Bellman Equations, Dynamic Programming and Reinforcement Learning (part 1)

Reinforcement learning has been on the radar of many, recently. It has proven its practical applications in a broad range of fields: from robotics through Go, chess, video games, chemical synthesis, down to online marketing. While being very popular, Reinforcement Learning seems to require much more time and dedication before one actually gets any goosebumps. Playing around with neural networks with PyTorch for an hour for the first time will give instant satisfaction and further motivation. Similar experience with RL is rather unlikely. If you are new to the field, you are almost guaranteed to have a headache instead of fun while trying to break in.

One attempt to help people breaking into Reinforcement Learning is OpenAI SpinningUp project – a project aiming to help taking first steps in the field. There is a bunch of online resources available too: a set of lectures from Deep RL Bootcamp and the excellent Sutton & Barto book.

---

What is this series about

This blog post series aims to present the very basic bits of Reinforcement Learning: Markov Decision Process model and its corresponding Bellman equations, all in one simple visual form.

To get there, we will start slowly by introducing an optimization technique proposed by Richard Bellman called dynamic programming. Then we will take a look at the principle of optimality: a concept describing a certain property of the optimization problem solution that implies dynamic programming being applicable via solving corresponding Bellman equations. All will be guided by an example problem of maze traversal.

Dynamic programming

The term ‘dynamic programming’ was coined by Richard Ernest Bellman, who in the very early 50s started his research about multistage decision processes at RAND Corporation, at that time fully funded by the US government. Bellman’s RAND research being financed by tax money required solid justification. Funding seemingly impractical mathematical research would be hard to push through. Richard Bellman, in the spirit of applied sciences, had to come up with a catchy umbrella term for his research. He decided to go with dynamic programming because these two keywords combined – as Richard Bellman himself said – was something not even a congressman could object to.

Principle of optimality

An optimal policy has the property that, whatever the initial state and the initial decision, the remaining decisions must constitute an optimal policy with regard to the state resulting from the first decision.

Richard Bellman

The Theory of Dynamic Programming, 1954

DP is all about multistage decision processes with terminology floating around terms such as policy, optimal policy or expected reward making it very similar to Reinforcement Learning which in fact is sometimes called approximate dynamic programming.

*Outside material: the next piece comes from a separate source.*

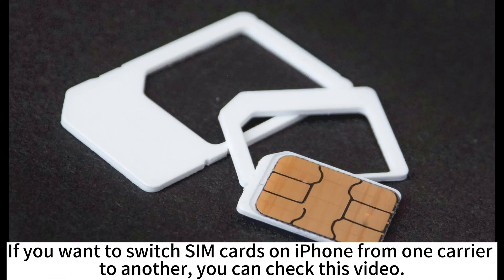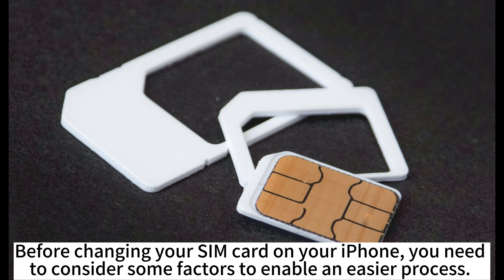If you want to switch SIM cards on iPhone from one carrier to another, you can check this video. Before changing your SIM card on your iPhone, you need to consider some factors to enable an easier process.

At the time he started his work at RAND, working with computers was not really everyday routine for a scientist – it was still very new and challenging. An applied mathematician had to slowly start moving away from classical pen and paper approach to more robust and practical computing. Therefore he had to look at the optimization problems from a slightly different angle; he had to consider their structure with the goal of how to compute correct solutions efficiently.

In RAND Corporation, Richard Bellman was facing various kinds of multistage decision problems. In a report titled Applied Dynamic Programming, he described and proposed solutions to lots of them including:

• Resources allocation problem (present in economics)
• The minimum time-to-climb problem (time required to reach optimal altitude-velocity for a plane)
• Computing Fibonacci numbers (common hello world for computer scientists)
• Controlling nuclear reactor shutdown

One of his main conclusions was that multistage decision problems often share common structure. That led him to propose the principle of optimality – a concept expressed with equations that were later called after his name: Bellman equations.

Simple example of dynamic programming problem

To understand what the principle of optimality means and so how corresponding equations emerge, let’s consider an example problem. Imagine an agent enters the maze and its goal is to collect resources on its way out. The objective in question is the amount of resources the agent can collect while escaping the maze.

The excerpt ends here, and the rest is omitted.